“The truth about stories is that that’s all we are.” –Thomas King, The Truth About Stories
Current K-12 teaching about Native Americans tends to focus solely on the past—the long-dead past. This gives students the impression that Native peoples no longer exist and the treatment of their cultural practices and symbols are fair game for misappropriation, disrespect and abuse. By not including real, living, contemporary Native peoples in discussion of Native experiences, we are doing these populations and our students a huge disservice. Our silence leads to ignorance.

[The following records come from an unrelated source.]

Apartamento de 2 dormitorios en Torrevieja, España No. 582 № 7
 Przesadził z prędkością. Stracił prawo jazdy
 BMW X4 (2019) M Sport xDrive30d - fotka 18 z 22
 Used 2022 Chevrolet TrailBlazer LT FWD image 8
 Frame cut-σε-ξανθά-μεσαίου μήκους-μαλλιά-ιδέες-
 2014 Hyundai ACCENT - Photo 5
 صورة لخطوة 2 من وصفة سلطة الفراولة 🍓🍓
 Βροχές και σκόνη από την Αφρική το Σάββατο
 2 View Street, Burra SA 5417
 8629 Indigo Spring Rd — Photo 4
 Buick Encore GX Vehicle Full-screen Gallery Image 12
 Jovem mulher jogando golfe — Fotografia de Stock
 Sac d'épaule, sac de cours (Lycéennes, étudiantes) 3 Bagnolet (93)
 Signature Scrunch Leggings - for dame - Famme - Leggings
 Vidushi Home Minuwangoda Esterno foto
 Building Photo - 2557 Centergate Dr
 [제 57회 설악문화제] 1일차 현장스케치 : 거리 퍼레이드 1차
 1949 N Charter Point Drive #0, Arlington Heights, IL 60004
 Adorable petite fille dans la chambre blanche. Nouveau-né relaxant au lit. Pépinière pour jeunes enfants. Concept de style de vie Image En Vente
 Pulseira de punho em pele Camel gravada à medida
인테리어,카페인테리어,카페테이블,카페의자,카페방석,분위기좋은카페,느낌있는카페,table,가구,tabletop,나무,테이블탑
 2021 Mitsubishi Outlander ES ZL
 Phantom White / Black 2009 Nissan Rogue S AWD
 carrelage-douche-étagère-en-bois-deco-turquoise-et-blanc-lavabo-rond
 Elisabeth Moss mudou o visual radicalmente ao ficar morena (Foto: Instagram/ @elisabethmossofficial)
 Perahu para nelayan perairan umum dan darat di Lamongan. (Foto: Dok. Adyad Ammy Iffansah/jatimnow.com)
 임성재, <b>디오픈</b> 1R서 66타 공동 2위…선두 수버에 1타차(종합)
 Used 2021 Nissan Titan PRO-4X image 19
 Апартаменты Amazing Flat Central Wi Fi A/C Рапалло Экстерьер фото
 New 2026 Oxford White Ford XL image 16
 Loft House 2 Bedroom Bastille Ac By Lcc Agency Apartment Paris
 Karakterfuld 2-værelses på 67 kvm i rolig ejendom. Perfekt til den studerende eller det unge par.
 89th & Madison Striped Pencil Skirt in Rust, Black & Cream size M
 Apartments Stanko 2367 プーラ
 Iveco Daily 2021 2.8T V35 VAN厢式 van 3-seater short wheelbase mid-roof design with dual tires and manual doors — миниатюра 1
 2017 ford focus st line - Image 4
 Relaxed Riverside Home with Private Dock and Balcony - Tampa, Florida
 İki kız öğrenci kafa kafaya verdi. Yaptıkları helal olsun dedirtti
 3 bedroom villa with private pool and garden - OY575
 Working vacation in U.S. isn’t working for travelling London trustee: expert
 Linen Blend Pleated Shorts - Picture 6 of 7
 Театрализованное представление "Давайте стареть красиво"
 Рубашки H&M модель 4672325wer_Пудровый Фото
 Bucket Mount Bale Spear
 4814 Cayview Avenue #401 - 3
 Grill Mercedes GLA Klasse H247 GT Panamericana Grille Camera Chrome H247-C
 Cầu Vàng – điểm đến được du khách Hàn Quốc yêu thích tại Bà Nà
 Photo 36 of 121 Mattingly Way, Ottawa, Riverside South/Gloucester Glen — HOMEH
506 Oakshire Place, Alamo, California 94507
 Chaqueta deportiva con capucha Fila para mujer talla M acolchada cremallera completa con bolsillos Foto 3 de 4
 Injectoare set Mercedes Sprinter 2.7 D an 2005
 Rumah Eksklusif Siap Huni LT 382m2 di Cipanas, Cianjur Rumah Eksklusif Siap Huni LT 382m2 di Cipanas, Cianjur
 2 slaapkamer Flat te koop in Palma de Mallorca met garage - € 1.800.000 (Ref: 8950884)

I can say this with confidence because every non-Native student I have encountered in the teaching of Contemporary Indigenous Rhetorics at the college level has openly admitted that they know nothing beyond “pilgrims and Indians,” a little bit of historical life practices for a random and minimal selection of nations (e.g., foods the Iroquois ate pre-contact and costumes worn by Inuit women for marriage ceremonies), that abhorrent Thanksgiving myth and Disney’s Pocahontas. As educators, we are responsible for educating students and sharing with them the truth about the world. In doing so, they are better equipped to navigate it. But when it comes to discussing and representing Indigenous peoples, we fall woefully short of the mark.
The inclusion of contemporary Native American cultures matters. You may not have the luxury of spending an entire unit on contemporary Native peoples, but every little bit of new knowledge that you can incorporate will open your students’ eyes a little wider to reality. And the widening of those eyes means that Indigenous peoples will become more visible. Everyone benefits, so consider using some of the information below as you develop and rethink your approach.
- For K-12 books written by Indigenous authors, visit Birchbark Books’ educators’ page.
- For titles and descriptions of movies written, directed and acted primarily by Native American practitioners and artists, visit the American Indian Film Festival.
- For news and journalism from Indigenous perspectives, visit Indian Country Today.
- For streaming music by current Native songwriters and musicians (both traditional powwow and contemporary offerings such as blues, country and rap), visit NativeRadio.
- For Native American fashion trends and designers, visit Beyond Buckskin or read Native Max.
- For current political and tribal governance information, pick a nation and visit its official website (e.g., the Osage Nation, Eastern Band of Cherokee or Citizen Potawatomi Nation). Most nations have official websites, so a Google search with the tribe’s name and “official website” should suffice.
- For Native American stand-up comedy, check out JR Redwater, Jim Ruel and the Ladies of Native Comedy.
For an introduction to the history of Indigenous enslavement on land that is now the United States, stream our 12-minute classroom film The Forgotten Slavery of Our Ancestors, appropriate for grades 6-12.
I’ve used these resources to provide more nuanced information about Native cultures in my own classes. Three weeks into my Introduction to Contemporary Indigenous Rhetorics course, during a discussion of Thomas King’s The Truth About Stories, a student spoke up, “More people need to be aware of these issues and these peoples. We need to do something about this!”
Instead of saying, “Well, that’s not in the syllabus,” I responded, “What do you want to do?”
This open invitation to a group of critically engaged, energetic, caring students resulted in an Indigenous Awareness event during our campus Diversity Week. The conversation evolved from an idea to a tangible event attended by over 100 students; from a discussion-based class to a lively, collaborative act of public activism that grew spontaneously and holistically out of a simple plea.
This simple-yet-complex idea compelled my students to take action in a substantial way. King repeats this assertion—“The truth about stories is that’s all we are”—throughout his book, and it prompted my students to ask, “Who is telling the story? How do our stories shape and define us? When do stories hurt and when do they help?” These are questions that reverberated throughout our early conversations. Three weeks into the semester, having started with next-to-zero knowledge about contemporary Indigenous peoples, they decided that this subject was important enough to share with the entire school.
The education landscape is riddled with severe budget cuts, the frustrating reality of mandated curricular objectives and the potentially devastating effects of standardized testing. But as my students have proven, if they are given the right environment for critical engagement with true stories of living Native peoples, the end result can be something that transcends conventional expectations and rises to the level of creating more accurate memories and planting more truthful seeds.